Rosensweig: A headlight unto the nations

(Wikimedia Commons/Ed Yourdon/https://creativecommons.org/licenses/by-sa/2.0/deed.en)

In the old days of Jewish Toronto, the highest profile vehicle in the community was the Stroli’s delivery van. If it stopped in front of your house, you knew that your meat had arrived and the delivery man might engage you in a conversation in Yiddish, even though he wasn’t Jewish.

Today, the city’s Jewish community boasts a greater number of important vehicles, which can be seen throughout the Greater Toronto Area. One of those vehicles is the unique Friends of Simon Wiesenthal Mobile Human Rights Education Centre. Then there are the Chabad RVs, which are driven up and down Bathurst Street, blaring music well into the night on Hanukkah.
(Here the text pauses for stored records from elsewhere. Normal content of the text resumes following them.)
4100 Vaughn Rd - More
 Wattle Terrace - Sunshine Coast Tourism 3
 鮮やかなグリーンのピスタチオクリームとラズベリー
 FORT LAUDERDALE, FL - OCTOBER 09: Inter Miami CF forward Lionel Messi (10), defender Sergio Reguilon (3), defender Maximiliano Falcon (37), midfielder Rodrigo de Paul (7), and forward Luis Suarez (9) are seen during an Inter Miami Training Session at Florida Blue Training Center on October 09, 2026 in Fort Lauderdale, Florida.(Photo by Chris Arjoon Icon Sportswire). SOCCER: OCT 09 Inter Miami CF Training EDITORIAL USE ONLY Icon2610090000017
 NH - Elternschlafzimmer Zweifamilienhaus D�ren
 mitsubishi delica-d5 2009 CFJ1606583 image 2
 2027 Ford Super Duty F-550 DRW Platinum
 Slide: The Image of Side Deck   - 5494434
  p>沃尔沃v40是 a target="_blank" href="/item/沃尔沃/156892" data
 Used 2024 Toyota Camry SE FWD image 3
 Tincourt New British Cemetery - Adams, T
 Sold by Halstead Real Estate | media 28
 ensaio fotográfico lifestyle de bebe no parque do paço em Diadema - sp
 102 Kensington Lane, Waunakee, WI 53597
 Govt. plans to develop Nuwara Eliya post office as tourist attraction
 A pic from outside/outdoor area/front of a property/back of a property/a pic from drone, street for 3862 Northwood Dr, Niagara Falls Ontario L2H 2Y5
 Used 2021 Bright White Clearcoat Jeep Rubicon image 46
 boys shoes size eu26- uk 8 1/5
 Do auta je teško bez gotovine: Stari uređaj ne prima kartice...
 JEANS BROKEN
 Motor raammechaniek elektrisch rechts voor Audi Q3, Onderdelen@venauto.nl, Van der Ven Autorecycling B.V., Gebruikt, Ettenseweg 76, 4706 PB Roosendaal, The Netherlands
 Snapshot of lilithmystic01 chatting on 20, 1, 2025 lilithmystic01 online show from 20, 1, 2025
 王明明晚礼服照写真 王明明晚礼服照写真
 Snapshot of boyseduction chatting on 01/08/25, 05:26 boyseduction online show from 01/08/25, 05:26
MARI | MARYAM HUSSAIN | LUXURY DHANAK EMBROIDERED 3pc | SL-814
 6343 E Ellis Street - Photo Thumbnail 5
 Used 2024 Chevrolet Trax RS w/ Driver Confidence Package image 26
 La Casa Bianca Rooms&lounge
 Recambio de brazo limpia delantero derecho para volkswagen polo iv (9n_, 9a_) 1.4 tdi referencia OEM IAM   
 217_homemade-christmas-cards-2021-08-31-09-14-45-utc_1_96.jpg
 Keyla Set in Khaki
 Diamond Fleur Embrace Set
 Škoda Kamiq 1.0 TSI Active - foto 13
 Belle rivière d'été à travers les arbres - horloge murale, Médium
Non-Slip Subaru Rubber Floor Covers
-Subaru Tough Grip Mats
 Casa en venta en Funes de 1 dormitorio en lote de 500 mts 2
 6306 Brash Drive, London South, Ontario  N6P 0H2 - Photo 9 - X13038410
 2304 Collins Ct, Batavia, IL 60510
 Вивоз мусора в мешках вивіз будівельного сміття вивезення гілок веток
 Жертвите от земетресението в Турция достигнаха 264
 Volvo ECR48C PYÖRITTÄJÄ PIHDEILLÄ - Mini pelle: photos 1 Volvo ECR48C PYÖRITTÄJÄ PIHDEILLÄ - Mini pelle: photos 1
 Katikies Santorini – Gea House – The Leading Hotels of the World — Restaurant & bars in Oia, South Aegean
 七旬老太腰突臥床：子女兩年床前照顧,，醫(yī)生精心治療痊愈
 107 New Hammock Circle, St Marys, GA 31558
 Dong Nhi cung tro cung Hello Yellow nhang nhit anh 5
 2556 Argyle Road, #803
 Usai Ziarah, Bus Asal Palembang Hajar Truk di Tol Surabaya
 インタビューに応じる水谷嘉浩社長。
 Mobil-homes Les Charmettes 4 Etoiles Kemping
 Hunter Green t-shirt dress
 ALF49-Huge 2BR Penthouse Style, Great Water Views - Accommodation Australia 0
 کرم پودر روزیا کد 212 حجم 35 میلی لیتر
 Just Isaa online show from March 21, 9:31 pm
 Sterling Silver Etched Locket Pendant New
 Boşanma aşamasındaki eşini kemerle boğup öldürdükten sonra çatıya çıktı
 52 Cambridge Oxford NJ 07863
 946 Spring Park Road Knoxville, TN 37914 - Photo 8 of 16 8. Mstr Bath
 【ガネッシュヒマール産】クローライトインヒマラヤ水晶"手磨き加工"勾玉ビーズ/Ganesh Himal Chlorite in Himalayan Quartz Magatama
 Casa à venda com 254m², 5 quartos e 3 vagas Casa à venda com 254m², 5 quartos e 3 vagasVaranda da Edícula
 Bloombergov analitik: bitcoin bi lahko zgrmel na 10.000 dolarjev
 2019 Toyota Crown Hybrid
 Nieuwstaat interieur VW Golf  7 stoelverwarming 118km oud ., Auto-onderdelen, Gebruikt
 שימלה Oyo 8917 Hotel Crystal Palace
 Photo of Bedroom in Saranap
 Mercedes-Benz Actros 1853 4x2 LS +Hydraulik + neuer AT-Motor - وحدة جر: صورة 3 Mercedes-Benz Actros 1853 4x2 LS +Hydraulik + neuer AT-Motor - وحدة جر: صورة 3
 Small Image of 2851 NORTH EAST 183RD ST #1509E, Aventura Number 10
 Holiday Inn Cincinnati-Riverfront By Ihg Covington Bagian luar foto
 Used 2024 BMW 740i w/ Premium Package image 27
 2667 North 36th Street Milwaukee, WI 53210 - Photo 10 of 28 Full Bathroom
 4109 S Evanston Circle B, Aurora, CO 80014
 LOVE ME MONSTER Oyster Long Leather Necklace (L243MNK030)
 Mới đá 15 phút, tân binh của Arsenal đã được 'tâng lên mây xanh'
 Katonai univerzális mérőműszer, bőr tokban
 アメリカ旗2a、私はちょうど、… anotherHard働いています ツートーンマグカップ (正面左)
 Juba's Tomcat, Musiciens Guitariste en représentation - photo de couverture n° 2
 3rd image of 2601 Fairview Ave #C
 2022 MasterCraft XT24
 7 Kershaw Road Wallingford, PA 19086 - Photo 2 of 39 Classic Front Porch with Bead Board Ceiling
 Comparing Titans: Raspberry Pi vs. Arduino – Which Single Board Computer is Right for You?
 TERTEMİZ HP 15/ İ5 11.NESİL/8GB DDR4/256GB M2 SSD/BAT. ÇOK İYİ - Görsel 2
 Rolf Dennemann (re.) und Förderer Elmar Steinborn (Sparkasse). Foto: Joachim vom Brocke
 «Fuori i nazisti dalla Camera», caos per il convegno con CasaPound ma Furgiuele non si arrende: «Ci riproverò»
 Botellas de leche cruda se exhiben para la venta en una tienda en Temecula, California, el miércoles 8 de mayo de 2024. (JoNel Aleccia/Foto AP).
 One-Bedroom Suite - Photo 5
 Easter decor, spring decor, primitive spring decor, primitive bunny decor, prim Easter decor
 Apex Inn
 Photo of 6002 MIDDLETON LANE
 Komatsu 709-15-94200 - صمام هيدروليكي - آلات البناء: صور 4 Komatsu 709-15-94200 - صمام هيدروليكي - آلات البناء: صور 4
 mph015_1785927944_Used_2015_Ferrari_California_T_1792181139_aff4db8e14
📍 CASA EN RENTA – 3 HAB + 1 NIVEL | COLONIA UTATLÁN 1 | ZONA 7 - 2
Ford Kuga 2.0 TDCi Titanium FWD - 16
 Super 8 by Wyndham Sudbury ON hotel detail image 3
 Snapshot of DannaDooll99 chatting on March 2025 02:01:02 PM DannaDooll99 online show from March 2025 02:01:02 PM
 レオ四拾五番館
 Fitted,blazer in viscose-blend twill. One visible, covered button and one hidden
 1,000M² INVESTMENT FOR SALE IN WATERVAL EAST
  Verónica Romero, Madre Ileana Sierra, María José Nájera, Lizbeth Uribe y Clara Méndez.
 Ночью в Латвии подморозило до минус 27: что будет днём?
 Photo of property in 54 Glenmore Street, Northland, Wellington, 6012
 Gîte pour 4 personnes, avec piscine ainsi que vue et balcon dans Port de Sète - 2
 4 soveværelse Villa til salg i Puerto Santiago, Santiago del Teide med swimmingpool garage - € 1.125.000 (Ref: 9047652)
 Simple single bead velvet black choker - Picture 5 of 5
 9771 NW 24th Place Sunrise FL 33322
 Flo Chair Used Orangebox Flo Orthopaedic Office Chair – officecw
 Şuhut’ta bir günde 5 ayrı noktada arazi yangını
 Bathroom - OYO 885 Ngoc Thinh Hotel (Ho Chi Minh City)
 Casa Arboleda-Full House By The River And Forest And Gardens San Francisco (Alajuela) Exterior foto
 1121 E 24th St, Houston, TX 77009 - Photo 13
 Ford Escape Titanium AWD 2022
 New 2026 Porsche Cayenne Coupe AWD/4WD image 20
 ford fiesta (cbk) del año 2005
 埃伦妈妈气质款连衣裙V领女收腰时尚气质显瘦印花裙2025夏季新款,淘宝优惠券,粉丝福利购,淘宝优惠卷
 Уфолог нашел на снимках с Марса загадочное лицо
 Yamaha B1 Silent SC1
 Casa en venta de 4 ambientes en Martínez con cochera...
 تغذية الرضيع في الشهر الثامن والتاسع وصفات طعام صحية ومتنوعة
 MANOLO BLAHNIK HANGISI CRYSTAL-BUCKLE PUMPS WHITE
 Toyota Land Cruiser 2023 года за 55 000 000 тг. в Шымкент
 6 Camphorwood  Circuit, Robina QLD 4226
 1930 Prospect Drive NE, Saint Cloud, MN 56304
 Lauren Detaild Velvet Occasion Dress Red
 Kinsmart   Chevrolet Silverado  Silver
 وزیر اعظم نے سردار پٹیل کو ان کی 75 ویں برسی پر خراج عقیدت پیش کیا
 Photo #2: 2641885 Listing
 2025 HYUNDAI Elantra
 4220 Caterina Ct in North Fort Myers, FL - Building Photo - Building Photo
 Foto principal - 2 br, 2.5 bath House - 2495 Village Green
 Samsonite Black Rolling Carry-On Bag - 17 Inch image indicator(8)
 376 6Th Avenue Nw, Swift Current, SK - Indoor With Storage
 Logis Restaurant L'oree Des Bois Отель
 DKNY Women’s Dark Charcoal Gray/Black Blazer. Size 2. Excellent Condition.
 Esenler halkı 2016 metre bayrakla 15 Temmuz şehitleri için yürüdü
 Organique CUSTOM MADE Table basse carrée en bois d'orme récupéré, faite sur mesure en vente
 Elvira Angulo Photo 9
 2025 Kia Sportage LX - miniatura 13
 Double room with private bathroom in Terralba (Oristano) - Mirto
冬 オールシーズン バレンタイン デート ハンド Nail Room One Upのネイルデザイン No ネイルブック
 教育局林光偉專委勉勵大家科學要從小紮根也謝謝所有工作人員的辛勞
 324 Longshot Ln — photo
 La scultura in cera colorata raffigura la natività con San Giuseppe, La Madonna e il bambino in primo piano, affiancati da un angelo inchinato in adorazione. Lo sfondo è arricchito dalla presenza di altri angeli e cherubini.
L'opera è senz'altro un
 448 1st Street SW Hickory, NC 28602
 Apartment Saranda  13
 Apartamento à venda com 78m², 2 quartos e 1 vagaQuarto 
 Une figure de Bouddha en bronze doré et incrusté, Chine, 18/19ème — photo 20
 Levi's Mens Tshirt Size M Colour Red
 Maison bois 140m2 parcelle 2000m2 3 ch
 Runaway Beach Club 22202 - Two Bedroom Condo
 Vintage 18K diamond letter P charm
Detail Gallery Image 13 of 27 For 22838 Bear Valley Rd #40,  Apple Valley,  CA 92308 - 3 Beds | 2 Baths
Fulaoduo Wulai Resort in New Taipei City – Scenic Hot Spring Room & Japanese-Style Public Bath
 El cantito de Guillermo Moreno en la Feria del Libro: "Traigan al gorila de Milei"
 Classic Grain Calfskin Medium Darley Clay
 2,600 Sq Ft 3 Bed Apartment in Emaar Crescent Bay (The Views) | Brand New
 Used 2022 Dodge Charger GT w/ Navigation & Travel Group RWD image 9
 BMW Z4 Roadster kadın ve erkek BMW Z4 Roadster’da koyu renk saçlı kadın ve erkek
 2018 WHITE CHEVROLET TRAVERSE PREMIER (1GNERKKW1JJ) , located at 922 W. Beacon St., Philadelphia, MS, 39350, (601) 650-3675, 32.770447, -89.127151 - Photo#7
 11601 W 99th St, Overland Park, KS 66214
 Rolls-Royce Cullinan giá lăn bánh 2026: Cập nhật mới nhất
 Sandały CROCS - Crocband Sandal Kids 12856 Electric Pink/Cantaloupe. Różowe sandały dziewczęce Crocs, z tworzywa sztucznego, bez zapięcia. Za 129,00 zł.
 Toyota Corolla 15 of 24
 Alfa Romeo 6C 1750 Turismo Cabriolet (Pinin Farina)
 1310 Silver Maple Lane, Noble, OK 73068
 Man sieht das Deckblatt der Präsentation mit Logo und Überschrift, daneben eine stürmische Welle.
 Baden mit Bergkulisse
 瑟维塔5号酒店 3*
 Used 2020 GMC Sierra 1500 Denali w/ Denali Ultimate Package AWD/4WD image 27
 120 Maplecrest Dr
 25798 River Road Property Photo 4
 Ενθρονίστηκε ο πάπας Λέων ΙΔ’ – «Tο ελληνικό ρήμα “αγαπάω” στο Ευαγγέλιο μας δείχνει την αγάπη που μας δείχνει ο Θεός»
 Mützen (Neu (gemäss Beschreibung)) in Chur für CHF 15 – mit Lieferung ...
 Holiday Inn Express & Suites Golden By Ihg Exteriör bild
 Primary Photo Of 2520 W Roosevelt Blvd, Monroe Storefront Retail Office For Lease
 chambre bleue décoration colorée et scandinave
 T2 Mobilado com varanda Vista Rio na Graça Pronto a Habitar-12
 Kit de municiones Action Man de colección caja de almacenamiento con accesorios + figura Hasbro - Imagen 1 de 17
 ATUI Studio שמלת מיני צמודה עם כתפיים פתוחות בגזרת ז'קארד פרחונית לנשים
And of course, there’s the Ve’ahavta Mobile Jewish Response to the Homeless (MJRH) van, which has carried thousands of Toronto Jews on major thoroughfares, through the laneways of the downtown core and under the Gardner Expressway and Bloor Viaduct.

The Ve’ahavta MJRH program is almost a quarter-century old. Through the program, thousands of pounds of emergency food, drinks and clothing have been delivered to people living on the street. The volunteers it has carried have had their awareness raised about homelessness and tikun olam (repairing the world).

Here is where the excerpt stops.